Mr. Roubini says that Greece has fallen into a vicious cycle of bankruptcy, lack of competitiveness and continuous recession.
The restructuring of Greek debt wasn’t enough... But, even if the terms were better, growth is possible only through the rapid restoration of competitiveness. In order to achieve this, a devaluation is required; which is probably unlikely to happen through a depreciation of the euro, because Germany is strong, while the ECB does not relax the currency policy followed.
It is also unlikely that the structural reforms will rapidly reduce the cost, through productivity growth which will outpace the salaries. Even an instant deflation of values and wages would lead to a five year recession.
Mr.

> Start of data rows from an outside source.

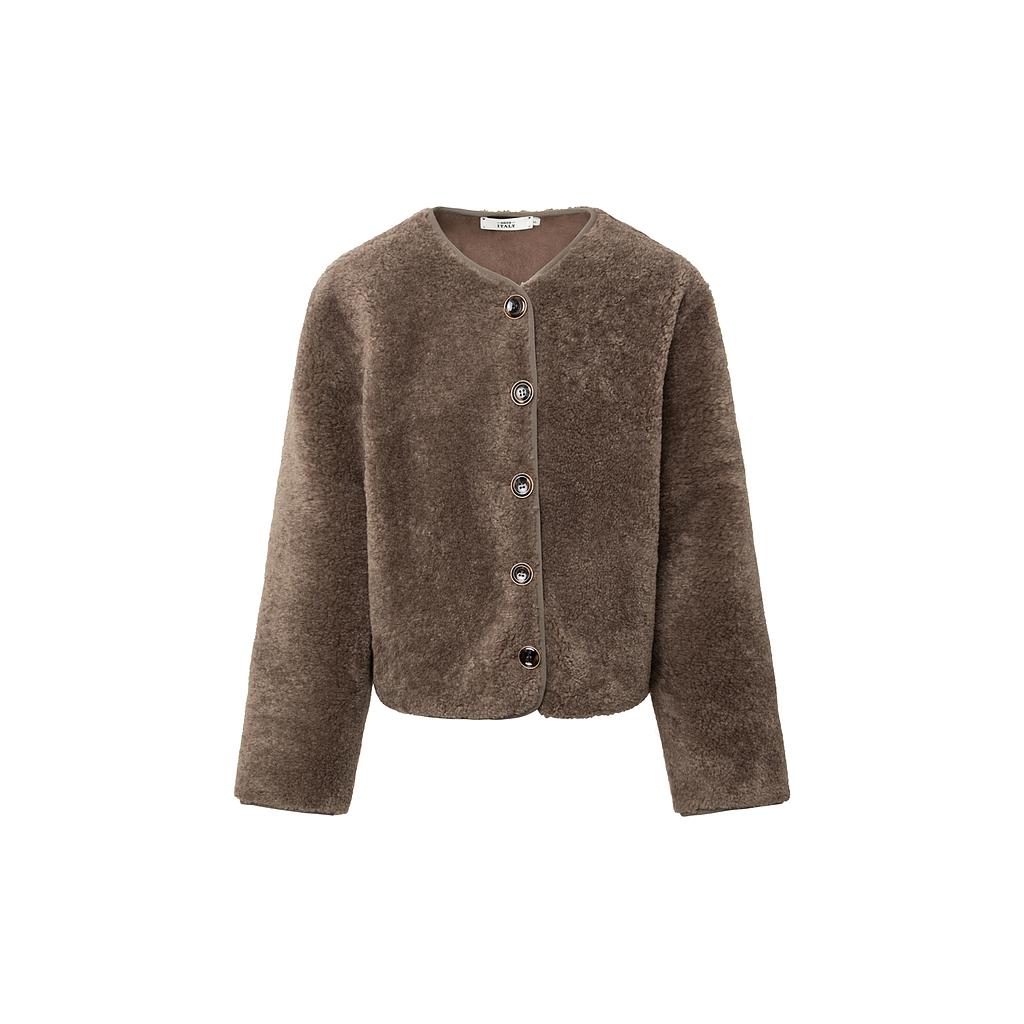 Jacke Ricarda braun
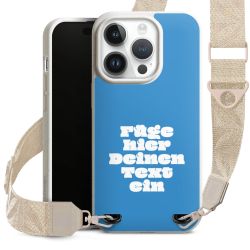 Organic Carry Case Gurtband weiß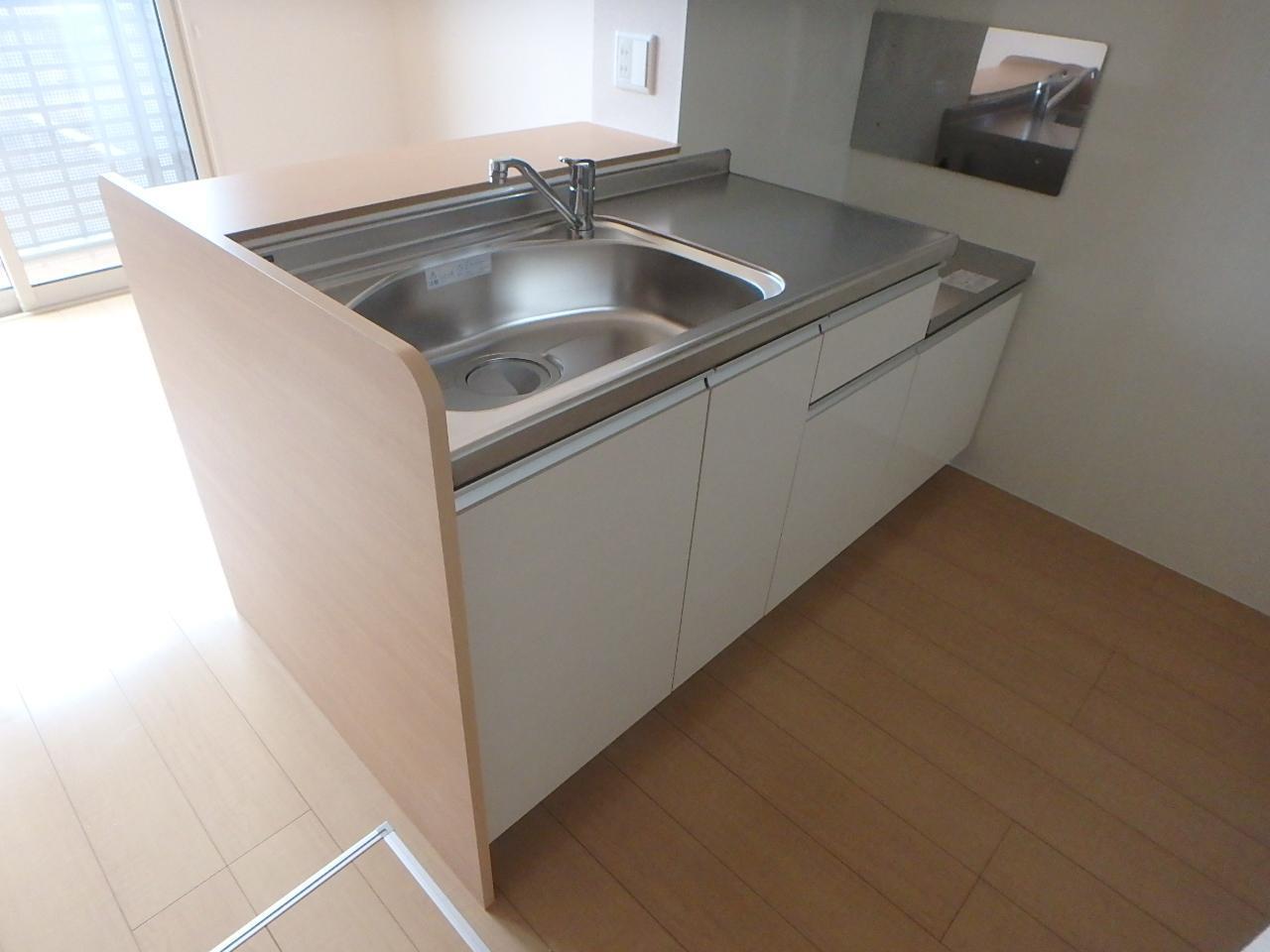 キッチン　人気の対面式キッチン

Roubini concludes that the only option is Greece to exit the eurozone and return to the drachma, in order to enhance competitiveness and stimulate growth.
Of course, he emphasizes that this solution will be accompanied by a traumatic process, not only for Greece, but also for the financial institutions in Europe, which will suffer significant capital losses.
In addition, Greece will have to restructure the debt again, while concerning the obligations towards the Troika will have to be an extension of payback dates and reduce in the interest rate.
It is not true that Greece's exit from the eurozone will significantly shrink the GDP of the country, because deflation has the same effect.
On the contrary, reintroducing the drachma would have the immediate effect of growth and prevent the recession for decades. Lenders, in order to avoid the even greater losses from the reduction of the value of the new currency against the Euro, will use the rest of the loan aid to Greece, which troika has at its disposal.
"To see the slow and disordered collapse of the Greek economy and society would be much worse," Roubini says.